From the cumulative frequency plot, the number of words that comprise 50% of the total word count is 114. For 90%, the number of words is 6,487. If the stopwords are excluded, the 50% and 90% coverage increases to 960 and 13,299 respectively.
Create comb_dfm_n2 (ngram = 2) and and list top 20 words by frequency| Word | Frequency |
|---|---|
| of the | 43,102 |
| in the | 41,271 |
| it is | 26,267 |
| i am | 25,916 |
| to the | 21,284 |
| for the | 20,067 |
| on the | 19,715 |
| to be | 16,196 |
| at the | 14,569 |
| do not | 14,372 |
| is a | 14,187 |
| i have | 13,437 |
| and the | 12,426 |
| in a | 12,006 |
| with the | 10,578 |
| that is | 10,313 |
| it was | 9,965 |
| will be | 9,901 |
| you are | 9,605 |
| for a | 9,604 |
| Word | Frequency |
|---|---|
| i do not | 4,626 |
| one of the | 3,478 |
| a lot of | 2,955 |
| it is a | 2,870 |
| i am not | 2,464 |
| thanks for the | 2,297 |
| i can not | 2,160 |
| it is not | 1,931 |
| i have been | 1,841 |
| to be a | 1,835 |
| going to be | 1,775 |
| i did not | 1,723 |
| there is a | 1,696 |
| is going to | 1,591 |
| if you are | 1,560 |
| can not wait | 1,549 |
| you do not | 1,495 |
| do not know | 1,478 |
| i will be | 1,461 |
| the end of | 1,460 |
Conclusions and next steps
When analyzed independently, the number of words that are common to the text files (blogs, news, and twitter) increase with the n-grams size. Also, the cumulative frequencies for number of words that comprise the individual corpus increase significantly when stopwords are excluded. Therefore, the combined samples corpus n-grams and word coverage is a good starting dataset for our prediction model.
The next steps involve developing a prediction algorithm and deploy it with a Shiny app. For the observed n-grams, Markov chains will be used, considering the specific property that it does not take into account past events (i.e. only applies probabilities from the current state to a next state). This behavior is applicable to text prediction. For the unobserved n-grams, backoff models will be implemented to estimate the probability of such event.
Appendix Section
Appendix I - Function to create corpus_dfm (document-feature matrix) including stopwords and corpus__dfm_nsw excluding stopwords
corpus_dfm <- function(x, n) {
text <- dfm(x, remove_numbers = TRUE, remove_punct = TRUE,
remove_symbols = TRUE, remove_separators = TRUE, remove_twitter = TRUE,
ngrams = n, concatenator = " ")
text <- dfm_compress(text)
text <- dfm_trim(text, min_docfreq = 2)
return(text)
}
corpus_dfm_nsw <- function(x, n) {
text <- dfm(x, remove = stopwords("english"), remove_numbers = TRUE,
remove_punct = TRUE, remove_symbols = TRUE, remove_twitter = TRUE,
remove_separators = TRUE, ngrams = n, concatenator = " ")

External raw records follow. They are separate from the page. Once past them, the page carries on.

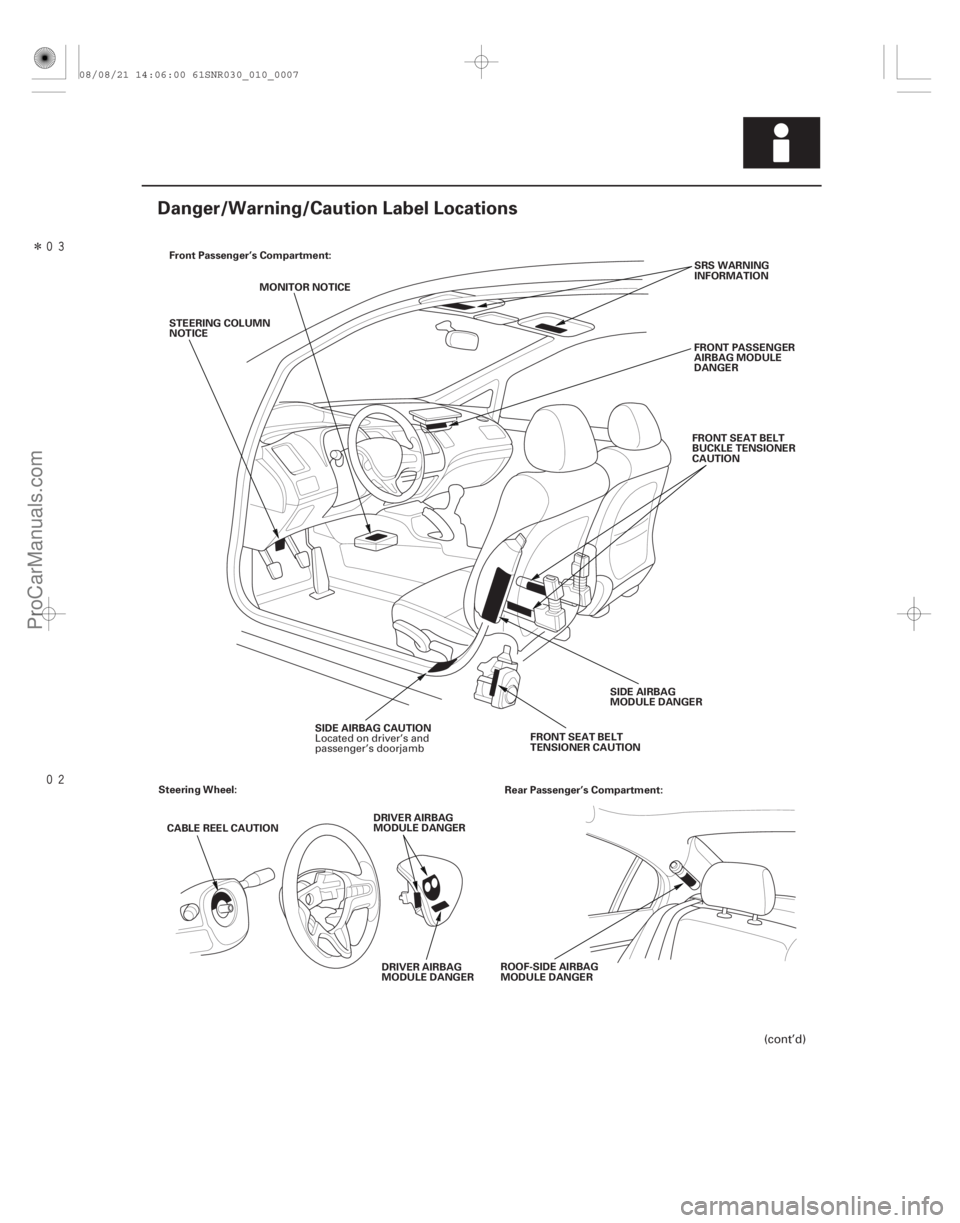 ACURA CSX 2006  Service Repair Manual Î (#)
1-7
Danger/Warning/Caution Label Locations
FRONT PASSENGER
AIRBAG MODULE
DANGER
FRONT SEAT BELT
TENSIONER CAUTION SRS WARNING
INFORMATION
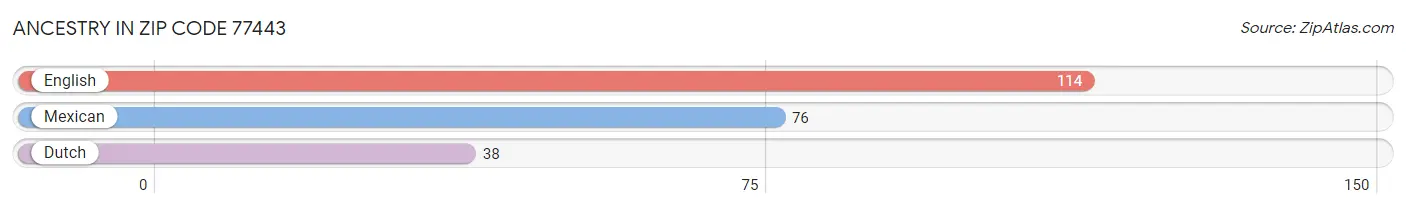 Ancestry in Zip Code 77443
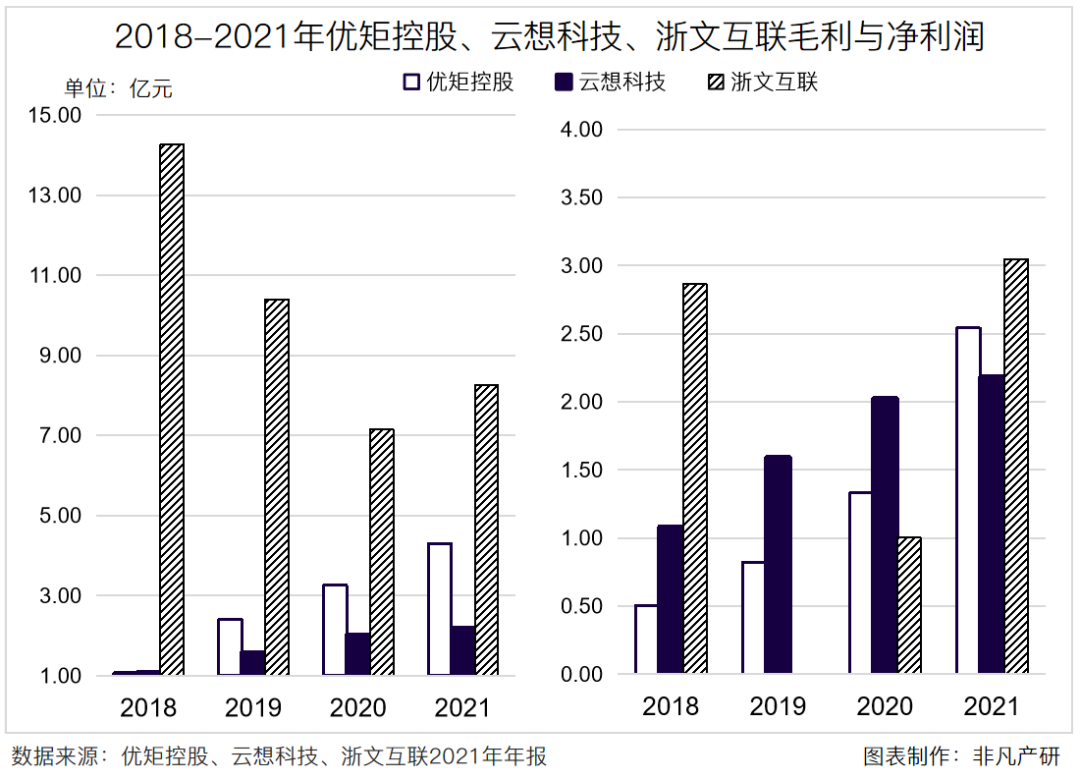 财报分析 | 优矩控股净利润增长90.98%，经营势头迅猛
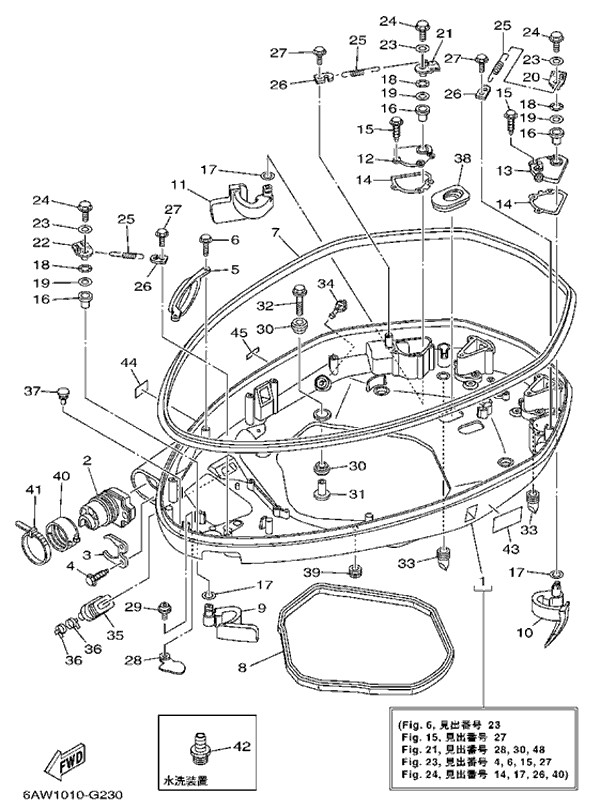 �ΎގĎю����؎ݎ���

text <- dfm_compress(text)
text <- dfm_trim(text, min_docfreq = 2)
return(text)
}Appendix II - Function to plot bar charts (top 20 frequency words)
# using RColor Brewer expanded for frequency term plot
colorCount = 20
getPalette = colorRampPalette(brewer.pal(12, "Paired"))
top_20_barchart <- function(df, title) {
ggplot(df, aes(x = reorder(feature, frequency), y = frequency, fill = feature)) +
geom_bar(stat = "identity") +
scale_fill_manual(values = getPalette(colorCount)) +
labs(title = title, x = "Word", y = "Total Count") +
coord_flip() +
theme(plot.title = element_text(hjust = 0.5),
legend.position = "none")
}Appendix III - Function to plot cumulative frequencies and determine the number of words that comprises 50% and 90% of the total corpus
cum_freq_plot <- function(df, title, subtitle) {
# function for extrcting intersection value from y
f1 <- approxfun(df$Freqcum, df$rank)
f50 <- as.integer(f1(50))
f90 <- as.integer(f1(90))
ggplot(df, aes(x = as.numeric(row.names(df)), y = Freqcum)) +
geom_line() +
geom_hline(yintercept = 50, linetype = "dashed", color = "red") +
geom_hline(yintercept = 90, linetype = "dashed", color = "blue") +
geom_vline(xintercept = f50, linetype = "dashed") +
geom_text(aes(x = f50, y = 10, label = f50),
color = "red", angle = 90, size = 3, nudge_x = -0.05) +
geom_vline(xintercept = f90, linetype = "dashed") +
geom_text(aes(x = f90, y = 10, label = f90),
color = "blue", angle = 90, size = 3, nudge_x = -0.05) +
scale_x_log10(limits = c(1, nrow(df)),
breaks = c(50, 100, 5000, 10000)) +
scale_y_log10(breaks = c(25, 50, 80, 90, 95)) +
labs(title = title, subtitle = subtitle,
x = "Number of Words",
y = "Cumulative Frequency (%)")
}